__WHAT IS BEING ASKED__.
Your answer should be the lines below from the one with "HELLA Sensor, Kühlmitteltemperatur" to the one with "American Utopia 2020 Poster", both included, given again exactly and with nothing added.

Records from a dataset

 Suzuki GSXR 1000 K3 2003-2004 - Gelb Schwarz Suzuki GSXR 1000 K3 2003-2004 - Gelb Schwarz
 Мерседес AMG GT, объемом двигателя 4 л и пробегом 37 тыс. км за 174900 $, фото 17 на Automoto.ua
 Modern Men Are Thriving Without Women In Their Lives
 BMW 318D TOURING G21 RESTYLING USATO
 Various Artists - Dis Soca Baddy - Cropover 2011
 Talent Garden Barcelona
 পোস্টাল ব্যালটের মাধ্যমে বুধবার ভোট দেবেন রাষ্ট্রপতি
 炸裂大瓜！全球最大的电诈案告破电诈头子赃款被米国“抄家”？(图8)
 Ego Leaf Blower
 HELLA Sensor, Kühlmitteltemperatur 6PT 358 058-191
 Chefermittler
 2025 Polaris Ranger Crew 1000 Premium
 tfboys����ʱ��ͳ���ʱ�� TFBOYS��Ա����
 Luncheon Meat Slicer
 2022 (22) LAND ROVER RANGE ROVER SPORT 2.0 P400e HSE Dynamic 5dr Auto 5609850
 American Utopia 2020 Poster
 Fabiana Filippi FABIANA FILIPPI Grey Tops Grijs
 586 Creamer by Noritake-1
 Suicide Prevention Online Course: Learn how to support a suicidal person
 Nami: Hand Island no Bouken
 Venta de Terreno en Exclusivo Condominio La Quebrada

__RESPONSE TO THIS EXERCISE__.
 HELLA Sensor, Kühlmitteltemperatur 6PT 358 058-191
 Chefermittler
 2025 Polaris Ranger Crew 1000 Premium
 tfboys����ʱ��ͳ���ʱ�� TFBOYS��Ա����
 Luncheon Meat Slicer
 2022 (22) LAND ROVER RANGE ROVER SPORT 2.0 P400e HSE Dynamic 5dr Auto 5609850
 American Utopia 2020 Poster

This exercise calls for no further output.